> DATA SUPPLIED:

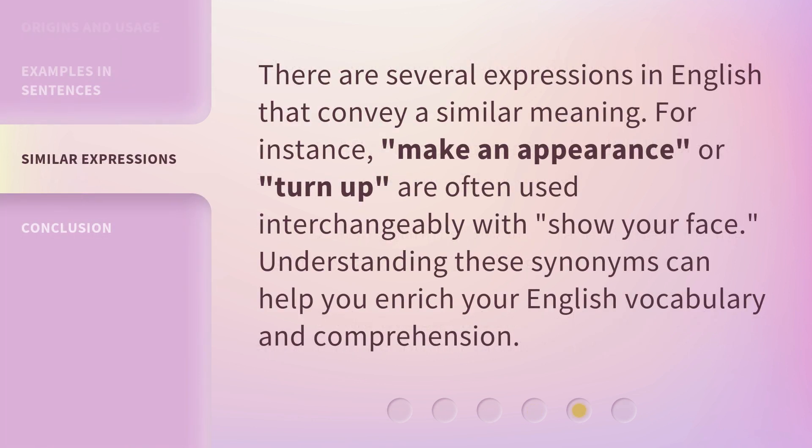There are several expressions in English that convey a similar meaning. For instance, 'make an appearance' or 'turn up' are often used interchangeably with 'show your face.' Understanding these synonyms can help you enrich your English vocabulary and comprehension.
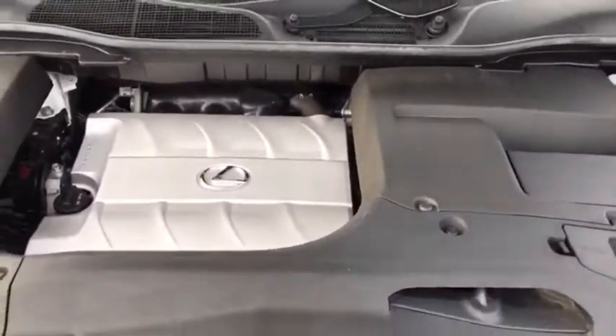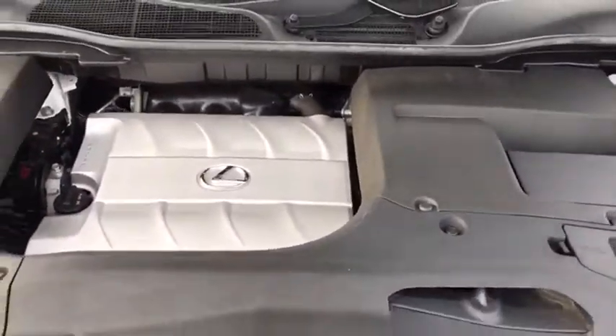This vehicle has less than 15,000 miles. Here are some of this vehicle's great options.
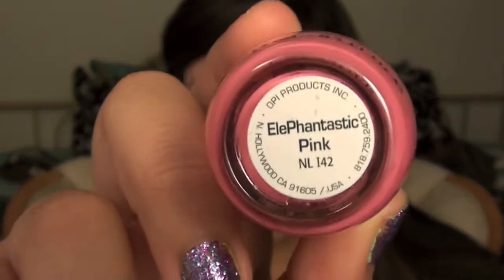The last one is also by OPI and it is called Elephantastic Pink — my favorite nail polish of all time. It's just a bright neon pink color. It looks so good on tan skin, especially in the summer and spring when you're really tan. This looks awesome. It's hot pink — I mean, come on, hot pink is awesome.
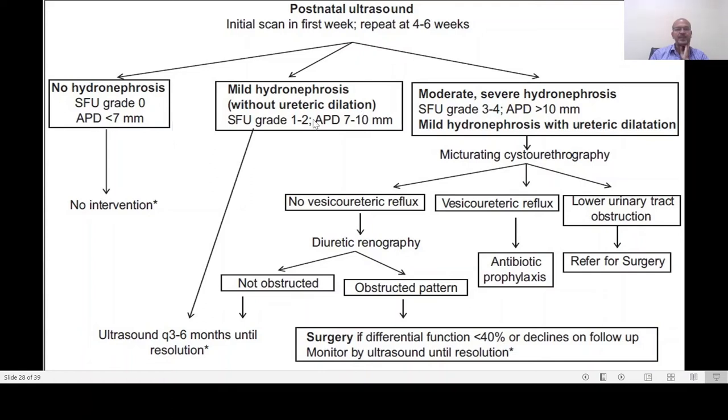For mild hydronephrosis without ureteric dilatation and APD of 7 to 10 millimeters, after the third day of scan perform ultrasound every three to six months until resolution. The majority in the 10 to 12 millimeter range fall in this category as well — that's why most of us include less than 12 as mild. For moderate to severe hydronephrosis — more than 10 to 12 millimeters — or mild with ureteric dilatation, a micturating cystourethrography (MCUG) must be done with adequate precautions to prevent infection. If there is no vesicoureteric reflux, perform a diuretic renography; if there is no obstruction, follow with ultrasound, but if there is an obstructed pattern, management depends on differential function and surgery may be needed.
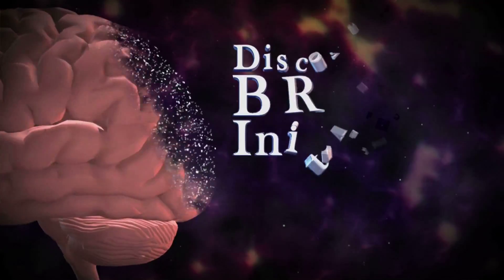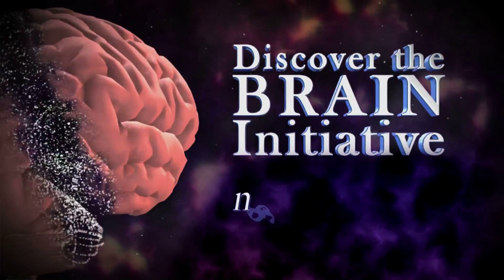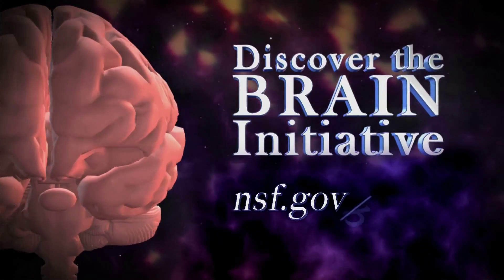Including our own species, most likely. For more information about the BRAIN Initiative, visit nsf.gov/BRAIN.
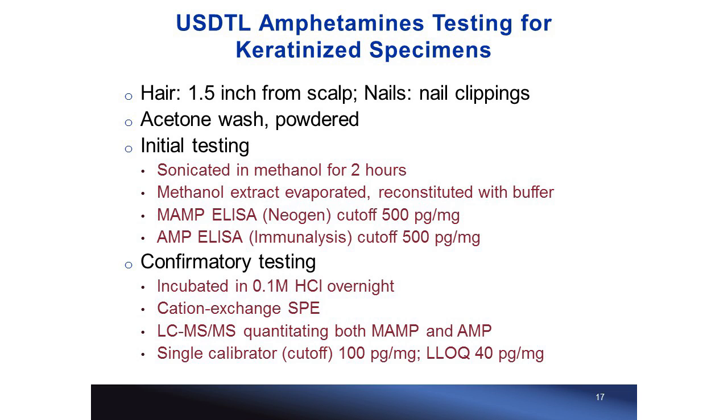This slide overviews test processes in our laboratory. We treat hair and nails similarly — taking 20 mg of hair strands and nail clippings through the same procedures. For long hair samples, we cut to only one-and-a-half inches of strand from the root end. Both go through acetone wash and powdering. Initial testing uses two ELISAs calibrated at 500 pg/mg. Presumptive positives are then confirmed quantitatively, down to 40 pg/mg.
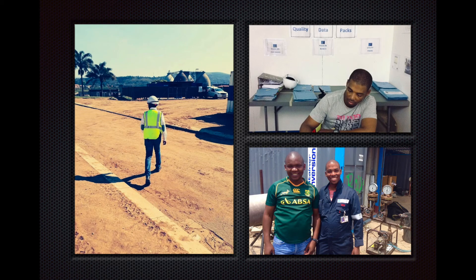Here are some pictures of a hard-working inspector with their data packs and one of the third-party inspectors doing a pressure test.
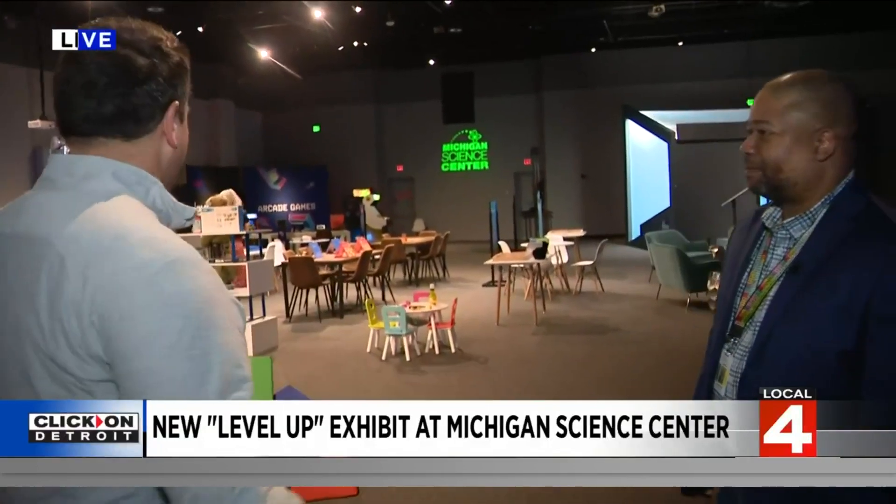Christian is the CEO here at the Michigan Science Center. Brand new exhibit opening today — walk us around here, what is this place? Well, this is Level Up STEM, a science of gaming presented by General Motors. General Motors worked with us to create a prototype exhibition, and we wanted that exhibition to be not only about the science of gaming, but to really help kids engage in science, technology, engineering, math — or STEM — and we do it in a fun way.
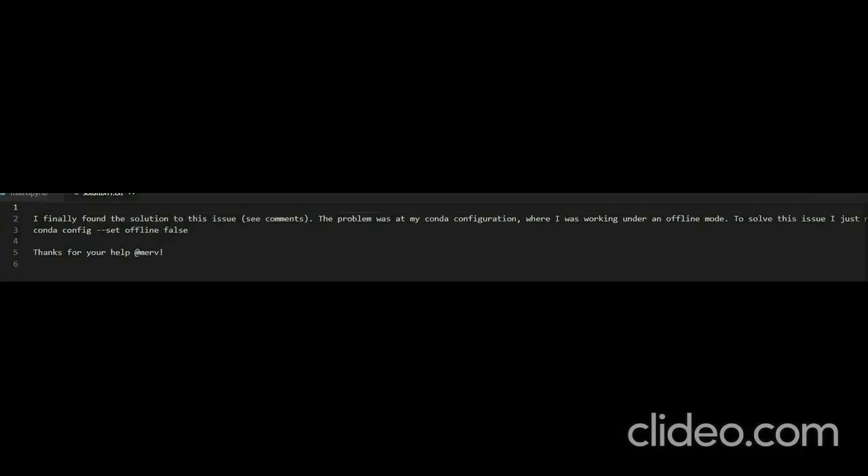I finally found the solution to this issue. The problem was in my Conda configuration, where I was working under offline mode. To solve this issue, I just ran: 'conda config --set offline false'. Thanks for your help, Merv.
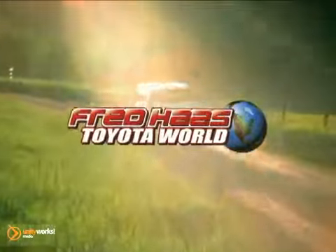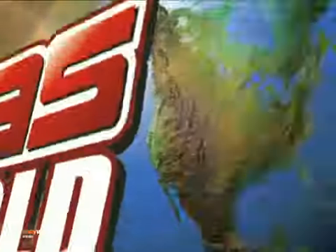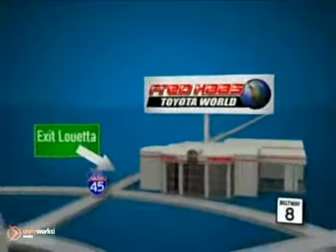Fred Haas Toyota World has been a hallmark of our community for more than 40 years. Easy to find on I-45 North at Luetta, just 2 miles north of 1960.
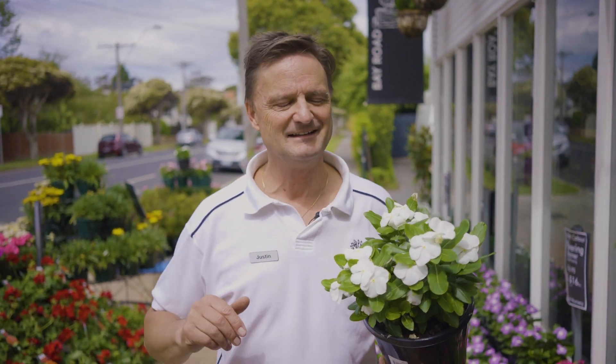Hi, I'm Justin from Bay Road Nursery and I'm at the front of the nursery where all the colour is. We always have colour here every single day of the year, and as we approach summer everyone comes and asks: what are those plants that look like impatiens that grow in full sun?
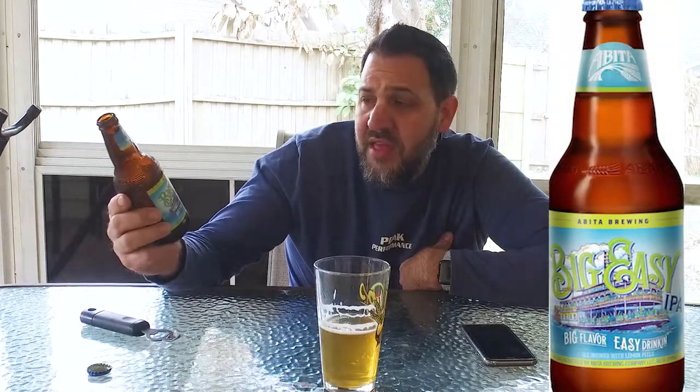Let's see what it says on the bottle. The bottle's pretty cool — it's got a big river ship. The Big Easy is what they call Louisiana in general. Big flavor, easy drinking. It's an ale brewed with lemon peels — it actually does have lemon in it. On the back it says the hop flavor is big, but like life in New Orleans, we're taking it easy. Brewed with lemon peels and dry-hopped with Cascade, Amarillo, Centennial, and Simcoe for a hoppy aroma of citrus, fruit, and pine.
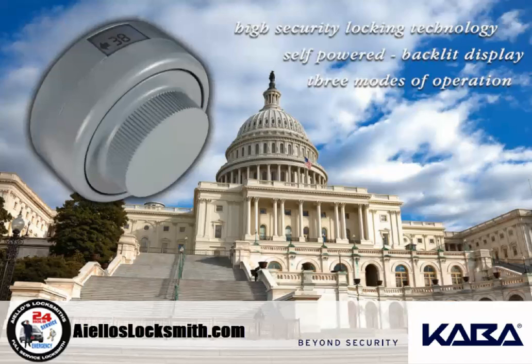Welcome to ILO's Locksmiths. Today we are going to talk about the Kaba Moss X-10 and CDX-10 Series High Security Locks.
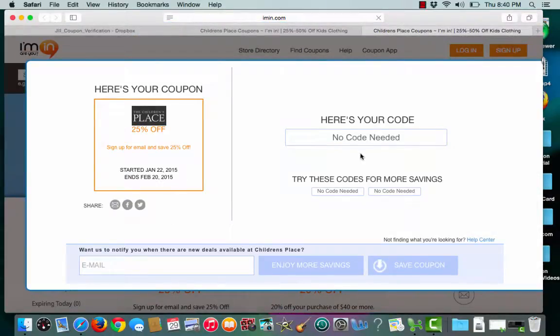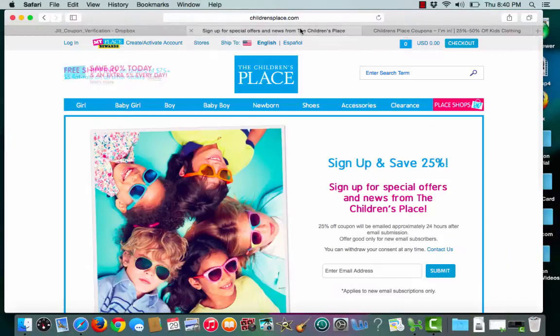iman.com lets me know that no coupon code is required for the sale. iman.com will then open up a second tab that takes me straight to the merchant's site.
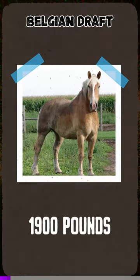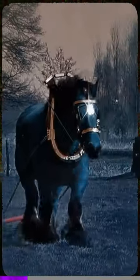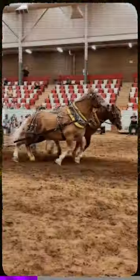Horse breeds that can destroy your car. Belgian Draft weighs a whopping 1,900 pounds. The chestnut-colored horse has a distinctive white mane, tail, and lower legs most often. It's a typical, albeit very large, working horse that was used in agriculture and pulling cargo.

> YOUR GOAL:
Above are the records; copy from them only the lines starting at the one containing "I finally found" and ending at the one containing "Fred Haas Toyota", exactly and without pictures.

> YOUR RESPONSE:
I finally found the solution to this issue. The problem was in my Conda configuration, where I was working under offline mode. To solve this issue, I just ran: 'conda config --set offline false'. Thanks for your help, Merv.
Fred Haas Toyota World has been a hallmark of our community for more than 40 years. Easy to find on I-45 North at Luetta, just 2 miles north of 1960.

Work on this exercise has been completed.